New blood joins this earth

(James is born)
And quickly he's subdued

(He is 'brought under control' by his religious parents)
Through constant pained disgrace
The young boy learns their rules

(He doesn't believe the same as them, but he goes through life as they want him to)

With time the child draws in
This whipping boy done wrong
Deprived of all his thoughts

(All of his own thoughts are being taken away and replaced by the predestined religious opinions and beliefs of his parents)
The young man struggles on and on he's known

(He tries to fight back)
A vow unto his own
That never from this day
His will they'll take away-eay
(He promises himself that he will always have his own free mind)

What I've felt
What I've known
Never shined through in what I've shown

(because of his parents, he could never really do his best)
Never be
Never see
Won't see what might have been

(Now they will never know what he could have become if they had just let him)
What I've felt
What I've known
Never shined through in what I've shown
Never free
Never me
So I dub the(e) unforgiven

(He labels his parents as The Unforgiven, since he will never be able to forgive them for how they brainwashed him and took away his dreams, and killed his mother.
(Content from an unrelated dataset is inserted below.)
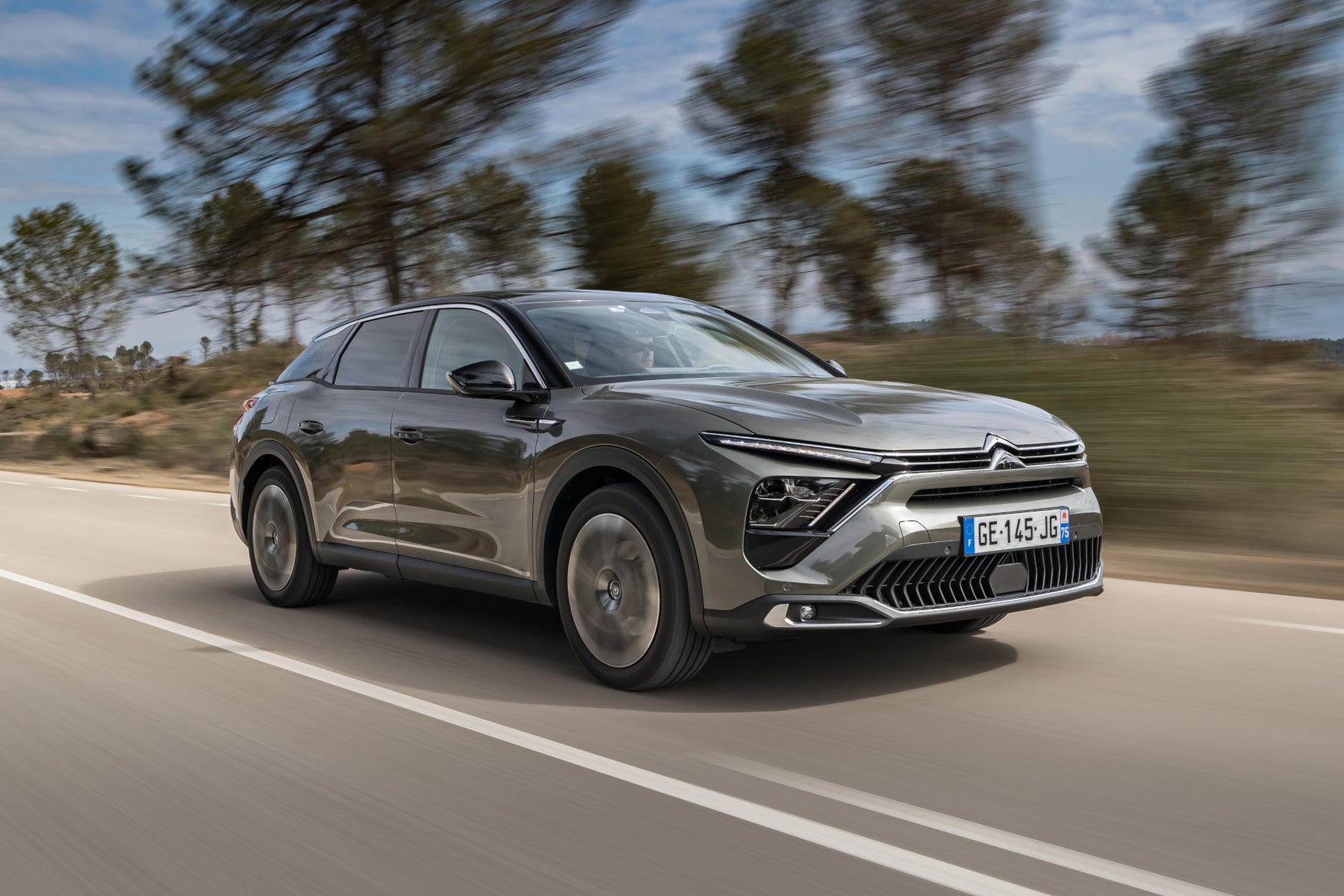 Citroen C5 X Review 2022 three quarters dynamic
Therfore he dubs THEE[as in you, he is talking to his parents] THE unforgiven. It is a word pun, just like in The Unforgiven II)

They dedicate their lives
To running all of his

(All they care about is that he turns out they way they want him to)
He tries to please them all

(He loves his parents, so he tries to meet them in the middle)
This bitter man he is
Throughout his life the same
He's battled constantly

(He has tried to fight them back or reach an agreement)
This fight he cannot win

(But there is no way he can change their minds)
A tired man they see no longer cares

(He stops trying)
The old man then prepares
To die regretfully
That old man here is me

(He gives up and just awaits to end his worthless life)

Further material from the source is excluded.